The eggs and milk went quickly from clear, white, and yellow to a soft yellow melange; some of the egg whites had already fried in the initial dumping, like the tweediness of my favorite cardigan.
Once they were mixed, he had a moment and some attention to spare -- so as he gave the baked beans a quick stir, he had me set the table ... knife on the right, plate, fork on the left, cloth napkin rolled up in each person's dinner ring. My sister's was a crisp oval with roman tiers on the edges. My own -- floral patterned, chubby round ring. My father's had crenellations befitting his position. He was our ruler -- we understood that before we could talk, there wasn't a day until I was 18 that I even questioned that. Each one had our name embossed on it.
My sister was helping too, she had toast duty -- put two slices in, press the lever, and watch. But before even the first ones popped my father was back to whisking his eggs. He would scrape up the solid scramble from the bottom of the pan, and if I had been fast setting the table, I could watch as the cleared bottom of the pan would re-fill with uncooked egg-milk mixture and quickly get scraped up itself to make more cooked scramble in the pan. Scrape, flow, scrape, flow ... until there was nothing left to flow. He would stop with the scrambled eggs still looking wet -- not a fan of dried scrambled eggs, my dad.

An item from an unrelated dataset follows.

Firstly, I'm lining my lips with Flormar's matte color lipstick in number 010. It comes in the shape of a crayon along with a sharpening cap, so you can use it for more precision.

We would each bring our plate to the stovetop; on it, he would place a piece of toast, pour the warmed baked beans over half and put scrambled eggs on the other half. On his own plate would be two pieces of toast -- one for the beans, one for the scrambled eggs.

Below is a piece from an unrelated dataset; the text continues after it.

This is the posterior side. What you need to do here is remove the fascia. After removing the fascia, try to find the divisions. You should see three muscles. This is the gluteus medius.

This was a dad's night dinner we must have had several times. My youngest memories don't include my little brother -- perhaps he was at a Mommy and Me class with my mother, toddler swimming or something. I remember getting particular about not wanting beans and eggs to touch -- so my slice of toast was sliced in half. Then I didn't want them on the toast at all, making it soggy -- sliced, and pushed to the outer edges, but still wet on its cut edge where it touched the eggs and beans.
As I got older, I'd season mine just like my dad did -- salt and pepper on the eggs, HP Steak Sauce in a dollop on the size to be added with my knife to the forkful of scrambled eggs and beans. That's right -- I'd separate them on my plate, but would build a stack on my fork. First, slice a piece of toast. Then, add a bit of the srambled egg. Top that with some of the baked beans, and then season with the steak sauce.
All the usual rules of dinner applied ... my mother wasn't there to take the first bite, so that role fell to my father. We could have a glass of juice, but once that was gone, if we wanted more then we got water. I don't remember dinner conversation. I remember dinner silence. If we were asked a question, we answered. But not with a mouth full of food. You didn't want to get caught talking with food in your mouth.
To this day I wonder at the terrible power my father had over us. He was a fierce man, and his word was our law. But he wasn't home much; he worked long days, a mechanical engineer designing printers and disk drives -- not that I understood that, then. Weekends were full of projects, after we moved to the big house on Myrtle Street there was always something in the house that needed working on. One stern look from him would bring me to tears. And when I really screwed up -- boy howdy, his lectures still ring in my head. His voice is the one I hear even now when I make mistakes.
But those scrambled eggs ... He really did them well. I looked forward to those dinners. They were sweet evenings when my sister and I knew what was expected and could have some calm, pleasant Dad time.